Demonstrators outside of the Blue Ash Homeland Security office during a press conference for Alonzo Tomas Mendez on June 17, 2025 Photo: Lucas Griffith

At noon Tuesday, faith leaders and community members gathered in front of the Homeland Security office in Blue Ash to call for the release of Alonzo Tomas Mendez on bond. Mendez was detained during the immigration raids in East Price Hill on May 31; he was stopping at the Warsaw Avenue Kroger for birthday party supplies when ICE stopped him in the parking lot, advocates told CityBeat. He has since been held at the Butler County Jail and is awaiting a hearing before an immigration judge, according to a press release.

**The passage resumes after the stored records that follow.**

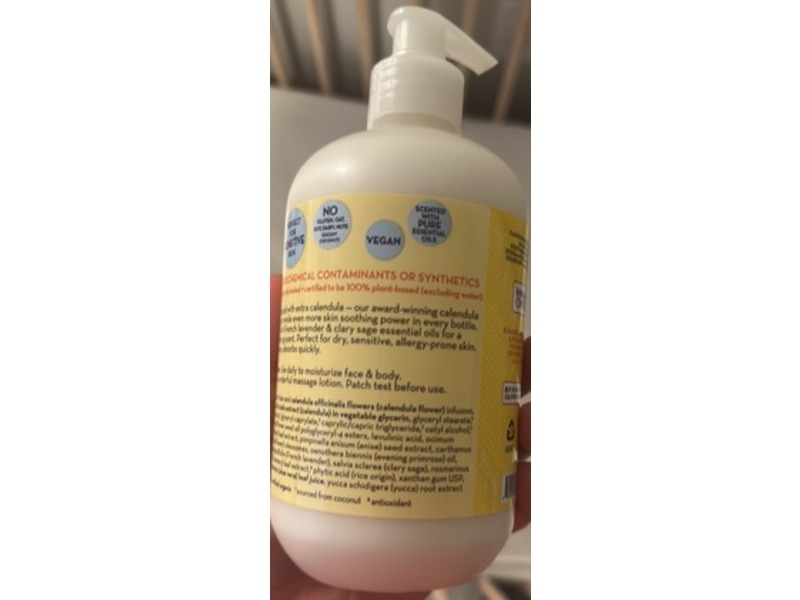 California Baby Everyday Lotion, Calendula, 19 fl oz/562 mL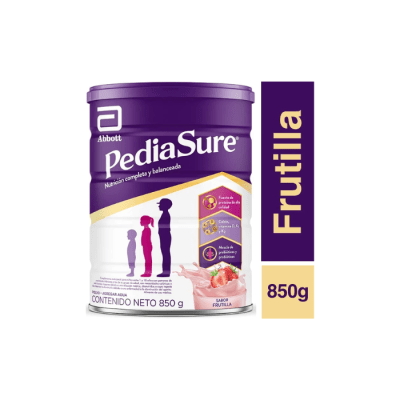 PEDIASURE EN POLVO SABOR FRUTILLA 850 GRS ABBOTT
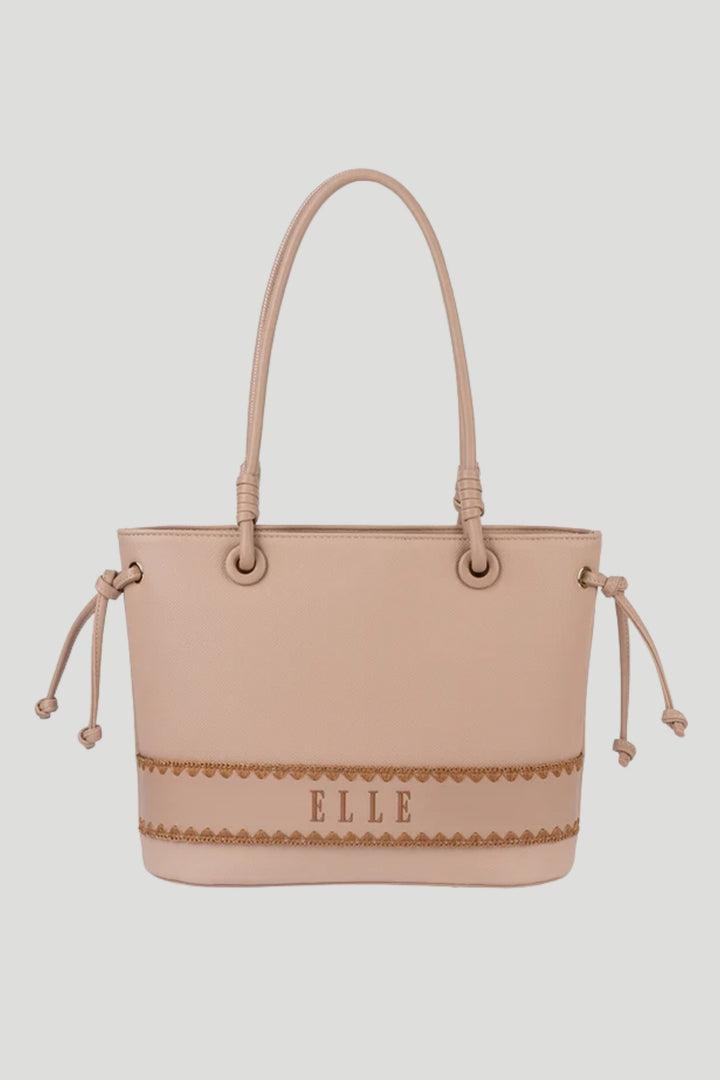 Elle Woven Tote - Beige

The press conference was hosted by the advocacy organizations Ignite Peace, Cincinnati UNDIVIDED and the Ola Immigrant Welcome Center. A crowd of about 30 people gathered to listen to local pastors and faith leaders speak about Mendez and other immigrants who have been arrested in President Donald Trump’s “largest deportation program of criminals in the history of America.” But, according to Walter Vasquez, a faith leader in Price Hill and the director of Hispanic/Latino outreach for Bloc Ministries, Mendez has no criminal history.

Walter Vasquez, a faith leader in Price Hill and the director of Hispanic/Latino outreach for Bloc Ministries, addresses the crowd Photo: Lucas Griffith

“Let’s stop labeling people as criminals when they are just simple, humble, hard-working people,” said Vasquez. “They are here to solve some of the brokenness of our neighborhoods, the lack of family structure, the lack of hard-working people to do [labor] and the people of faith. So don’t be afraid of them. They are here to do good things.”

Mendez is a devout Christian whose only goal is to support his family and “to love God with all his heart,” according to Vasquez.

The crowd included Georgia, who did not wish to provide her last name, a mother of five who brought her baby and oldest child to the press conference. She said it’s important for her kids to understand what is happening to kids who might be in their own class at school.

“I just was telling my daughter, like, just imagine if your dad wasn’t able to come home one day, you know, just how scary that would be,” Georgia said.

A demonstrator holds a sign at the press conference calling for the release of Alonzo Tomas Mendez on bond Photo: Lucas Griffith

As a foster parent, Georgia has seen what it’s like for a child to lose a parent.

“It’s really scary and it’s a lot of trauma that will stick with them for the rest of their life,” she said. “It’s just something that I don’t want kids to experience.”

If Mendez is released on bond, that means that he would be able to return to his wife and two young children while pursuing his immigration case from home.

“As Christians and as Americans, let’s not allow mothers and fathers to suddenly disappear, to be vanished away by men in black masks, with no opportunity to defend themselves according to the law,” said Dave Workman, a former pastor at the Vineyard Community Church. “I believe that, in the end, a nation will be judged not by its power, but rather by its mercy.”